Top of Records to use

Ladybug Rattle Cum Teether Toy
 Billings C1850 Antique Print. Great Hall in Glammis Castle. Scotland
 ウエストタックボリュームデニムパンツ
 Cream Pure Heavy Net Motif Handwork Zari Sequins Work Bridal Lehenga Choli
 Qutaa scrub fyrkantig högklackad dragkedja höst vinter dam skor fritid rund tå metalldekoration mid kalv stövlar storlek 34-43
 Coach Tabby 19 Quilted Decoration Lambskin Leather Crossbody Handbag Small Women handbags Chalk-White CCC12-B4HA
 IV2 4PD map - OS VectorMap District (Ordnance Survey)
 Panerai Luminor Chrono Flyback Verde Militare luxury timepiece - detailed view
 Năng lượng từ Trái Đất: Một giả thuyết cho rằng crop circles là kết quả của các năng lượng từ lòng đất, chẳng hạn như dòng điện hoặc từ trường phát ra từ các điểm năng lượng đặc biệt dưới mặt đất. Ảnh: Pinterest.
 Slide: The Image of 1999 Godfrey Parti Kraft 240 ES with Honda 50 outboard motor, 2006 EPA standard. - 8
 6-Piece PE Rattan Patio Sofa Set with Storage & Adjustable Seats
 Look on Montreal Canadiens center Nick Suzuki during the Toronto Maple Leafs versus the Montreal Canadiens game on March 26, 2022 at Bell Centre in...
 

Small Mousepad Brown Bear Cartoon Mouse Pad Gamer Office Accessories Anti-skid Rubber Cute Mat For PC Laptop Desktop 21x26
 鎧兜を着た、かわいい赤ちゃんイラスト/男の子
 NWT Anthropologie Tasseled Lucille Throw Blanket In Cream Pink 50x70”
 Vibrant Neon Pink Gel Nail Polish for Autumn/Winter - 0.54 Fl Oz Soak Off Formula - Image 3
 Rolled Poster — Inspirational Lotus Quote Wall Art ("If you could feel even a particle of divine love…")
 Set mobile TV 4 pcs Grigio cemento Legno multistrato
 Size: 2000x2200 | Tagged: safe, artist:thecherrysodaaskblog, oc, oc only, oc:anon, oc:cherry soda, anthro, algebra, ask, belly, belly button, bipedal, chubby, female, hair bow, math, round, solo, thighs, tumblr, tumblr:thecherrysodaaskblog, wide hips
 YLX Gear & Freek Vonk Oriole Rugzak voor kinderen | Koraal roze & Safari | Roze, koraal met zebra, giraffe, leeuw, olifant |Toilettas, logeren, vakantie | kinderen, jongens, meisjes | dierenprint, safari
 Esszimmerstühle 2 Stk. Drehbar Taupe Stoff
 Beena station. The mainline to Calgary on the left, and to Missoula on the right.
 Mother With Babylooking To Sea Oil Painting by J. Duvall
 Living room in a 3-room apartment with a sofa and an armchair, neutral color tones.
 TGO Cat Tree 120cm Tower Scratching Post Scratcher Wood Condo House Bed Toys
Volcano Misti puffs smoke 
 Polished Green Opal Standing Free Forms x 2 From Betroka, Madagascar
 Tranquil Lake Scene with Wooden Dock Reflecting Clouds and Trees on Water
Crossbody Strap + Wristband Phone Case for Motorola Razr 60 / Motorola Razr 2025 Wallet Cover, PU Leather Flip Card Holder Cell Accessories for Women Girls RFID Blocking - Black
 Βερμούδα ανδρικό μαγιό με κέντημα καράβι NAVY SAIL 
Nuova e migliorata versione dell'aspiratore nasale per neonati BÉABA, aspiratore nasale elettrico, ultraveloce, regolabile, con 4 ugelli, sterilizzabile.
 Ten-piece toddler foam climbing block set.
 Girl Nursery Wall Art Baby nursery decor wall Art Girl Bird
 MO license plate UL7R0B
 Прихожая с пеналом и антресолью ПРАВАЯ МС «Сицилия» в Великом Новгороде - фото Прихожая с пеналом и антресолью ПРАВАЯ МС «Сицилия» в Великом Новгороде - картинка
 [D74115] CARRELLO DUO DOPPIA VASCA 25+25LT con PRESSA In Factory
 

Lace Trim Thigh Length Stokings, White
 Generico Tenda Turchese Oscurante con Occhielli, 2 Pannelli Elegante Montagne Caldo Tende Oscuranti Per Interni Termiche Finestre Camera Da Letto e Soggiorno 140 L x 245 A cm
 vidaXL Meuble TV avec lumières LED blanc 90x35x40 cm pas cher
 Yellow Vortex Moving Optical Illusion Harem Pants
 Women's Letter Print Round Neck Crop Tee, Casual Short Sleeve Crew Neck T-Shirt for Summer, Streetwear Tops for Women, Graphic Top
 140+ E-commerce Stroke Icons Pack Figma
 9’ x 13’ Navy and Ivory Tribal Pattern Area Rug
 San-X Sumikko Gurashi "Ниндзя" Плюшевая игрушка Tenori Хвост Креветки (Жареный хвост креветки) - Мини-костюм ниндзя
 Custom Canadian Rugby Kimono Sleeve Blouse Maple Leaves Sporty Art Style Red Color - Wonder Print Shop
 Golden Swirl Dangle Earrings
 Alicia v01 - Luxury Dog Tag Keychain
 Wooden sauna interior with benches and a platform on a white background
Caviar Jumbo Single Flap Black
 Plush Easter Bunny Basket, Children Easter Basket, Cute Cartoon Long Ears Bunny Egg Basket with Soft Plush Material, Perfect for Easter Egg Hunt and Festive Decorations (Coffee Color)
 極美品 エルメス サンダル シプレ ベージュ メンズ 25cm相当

Bottom of Records to use

• [What you have to do]:
Having read the entries above, repeat them exactly.

• [Result]:
Ladybug Rattle Cum Teether Toy
 Billings C1850 Antique Print. Great Hall in Glammis Castle. Scotland
 ウエストタックボリュームデニムパンツ
 Cream Pure Heavy Net Motif Handwork Zari Sequins Work Bridal Lehenga Choli
 Qutaa scrub fyrkantig högklackad dragkedja höst vinter dam skor fritid rund tå metalldekoration mid kalv stövlar storlek 34-43
 Coach Tabby 19 Quilted Decoration Lambskin Leather Crossbody Handbag Small Women handbags Chalk-White CCC12-B4HA
 IV2 4PD map - OS VectorMap District (Ordnance Survey)
 Panerai Luminor Chrono Flyback Verde Militare luxury timepiece - detailed view
 Năng lượng từ Trái Đất: Một giả thuyết cho rằng crop circles là kết quả của các năng lượng từ lòng đất, chẳng hạn như dòng điện hoặc từ trường phát ra từ các điểm năng lượng đặc biệt dưới mặt đất. Ảnh: Pinterest.
 Slide: The Image of 1999 Godfrey Parti Kraft 240 ES with Honda 50 outboard motor, 2006 EPA standard. - 8
 6-Piece PE Rattan Patio Sofa Set with Storage & Adjustable Seats
 Look on Montreal Canadiens center Nick Suzuki during the Toronto Maple Leafs versus the Montreal Canadiens game on March 26, 2022 at Bell Centre in...
 

Small Mousepad Brown Bear Cartoon Mouse Pad Gamer Office Accessories Anti-skid Rubber Cute Mat For PC Laptop Desktop 21x26
 鎧兜を着た、かわいい赤ちゃんイラスト/男の子
 NWT Anthropologie Tasseled Lucille Throw Blanket In Cream Pink 50x70”
 Vibrant Neon Pink Gel Nail Polish for Autumn/Winter - 0.54 Fl Oz Soak Off Formula - Image 3
 Rolled Poster — Inspirational Lotus Quote Wall Art ("If you could feel even a particle of divine love…")
 Set mobile TV 4 pcs Grigio cemento Legno multistrato
 Size: 2000x2200 | Tagged: safe, artist:thecherrysodaaskblog, oc, oc only, oc:anon, oc:cherry soda, anthro, algebra, ask, belly, belly button, bipedal, chubby, female, hair bow, math, round, solo, thighs, tumblr, tumblr:thecherrysodaaskblog, wide hips
 YLX Gear & Freek Vonk Oriole Rugzak voor kinderen | Koraal roze & Safari | Roze, koraal met zebra, giraffe, leeuw, olifant |Toilettas, logeren, vakantie | kinderen, jongens, meisjes | dierenprint, safari
 Esszimmerstühle 2 Stk. Drehbar Taupe Stoff
 Beena station. The mainline to Calgary on the left, and to Missoula on the right.
 Mother With Babylooking To Sea Oil Painting by J. Duvall
 Living room in a 3-room apartment with a sofa and an armchair, neutral color tones.
 TGO Cat Tree 120cm Tower Scratching Post Scratcher Wood Condo House Bed Toys
Volcano Misti puffs smoke 
 Polished Green Opal Standing Free Forms x 2 From Betroka, Madagascar
 Tranquil Lake Scene with Wooden Dock Reflecting Clouds and Trees on Water
Crossbody Strap + Wristband Phone Case for Motorola Razr 60 / Motorola Razr 2025 Wallet Cover, PU Leather Flip Card Holder Cell Accessories for Women Girls RFID Blocking - Black
 Βερμούδα ανδρικό μαγιό με κέντημα καράβι NAVY SAIL 
Nuova e migliorata versione dell'aspiratore nasale per neonati BÉABA, aspiratore nasale elettrico, ultraveloce, regolabile, con 4 ugelli, sterilizzabile.
 Ten-piece toddler foam climbing block set.
 Girl Nursery Wall Art Baby nursery decor wall Art Girl Bird
 MO license plate UL7R0B
 Прихожая с пеналом и антресолью ПРАВАЯ МС «Сицилия» в Великом Новгороде - фото Прихожая с пеналом и антресолью ПРАВАЯ МС «Сицилия» в Великом Новгороде - картинка
 [D74115] CARRELLO DUO DOPPIA VASCA 25+25LT con PRESSA In Factory
 

Lace Trim Thigh Length Stokings, White
 Generico Tenda Turchese Oscurante con Occhielli, 2 Pannelli Elegante Montagne Caldo Tende Oscuranti Per Interni Termiche Finestre Camera Da Letto e Soggiorno 140 L x 245 A cm
 vidaXL Meuble TV avec lumières LED blanc 90x35x40 cm pas cher
 Yellow Vortex Moving Optical Illusion Harem Pants
 Women's Letter Print Round Neck Crop Tee, Casual Short Sleeve Crew Neck T-Shirt for Summer, Streetwear Tops for Women, Graphic Top
 140+ E-commerce Stroke Icons Pack Figma
 9’ x 13’ Navy and Ivory Tribal Pattern Area Rug
 San-X Sumikko Gurashi "Ниндзя" Плюшевая игрушка Tenori Хвост Креветки (Жареный хвост креветки) - Мини-костюм ниндзя
 Custom Canadian Rugby Kimono Sleeve Blouse Maple Leaves Sporty Art Style Red Color - Wonder Print Shop
 Golden Swirl Dangle Earrings
 Alicia v01 - Luxury Dog Tag Keychain
 Wooden sauna interior with benches and a platform on a white background
Caviar Jumbo Single Flap Black
 Plush Easter Bunny Basket, Children Easter Basket, Cute Cartoon Long Ears Bunny Egg Basket with Soft Plush Material, Perfect for Easter Egg Hunt and Festive Decorations (Coffee Color)
 極美品 エルメス サンダル シプレ ベージュ メンズ 25cm相当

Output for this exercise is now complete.